• **ACTIVITY**
Beginning with the line containing "công nhân tháo dỡ thùng hàng" and ending at the last line of the data, set down every line exactly, leaving out all pictures.
SOURCE DATA below:
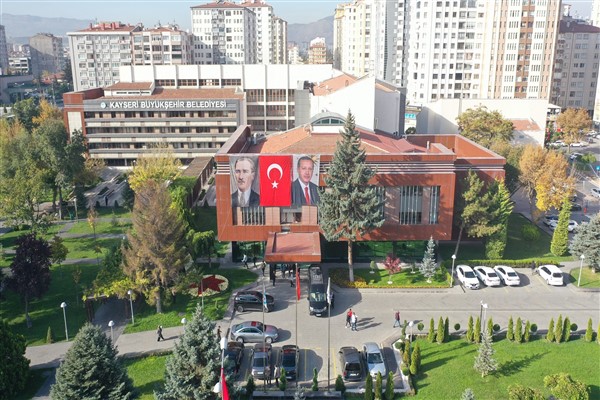 Kayseri Büyükşehir Belediyesi, akademik çalışmalara desteğini sürdürüyor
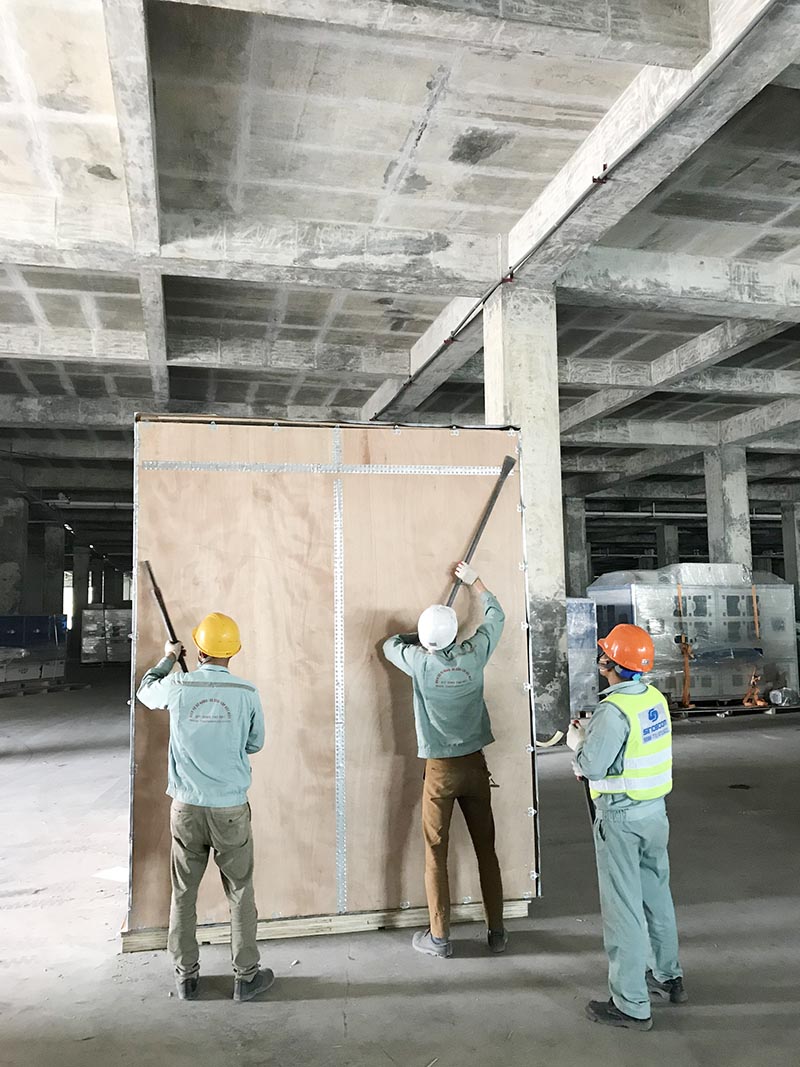 công nhân tháo dỡ thùng hàng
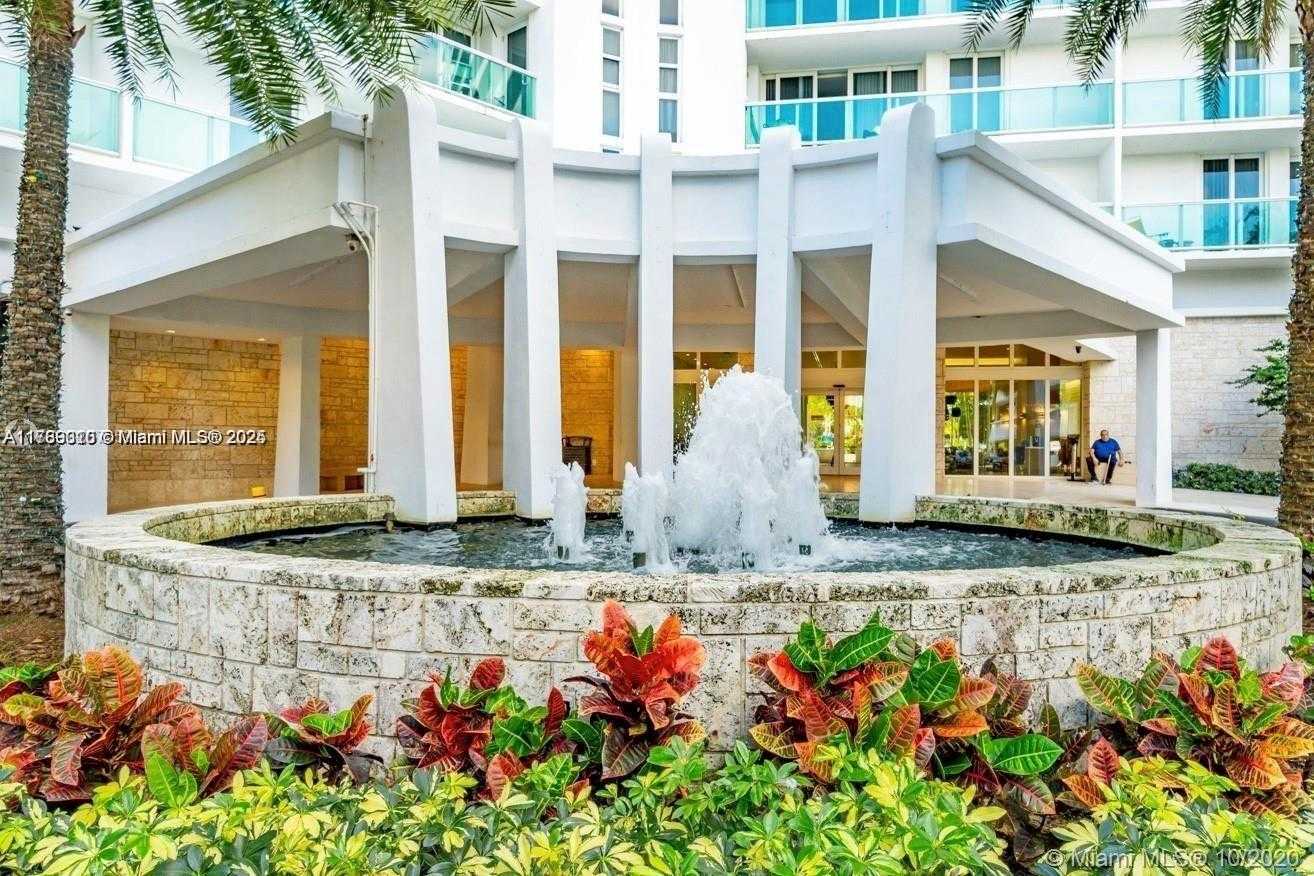 Small Image of 100 BAYVIEW DR #726, Sunny Isles Beach Number 2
End of SOURCE DATA.
• **FINISHED TASK**
 công nhân tháo dỡ thùng hàng
 Small Image of 100 BAYVIEW DR #726, Sunny Isles Beach Number 2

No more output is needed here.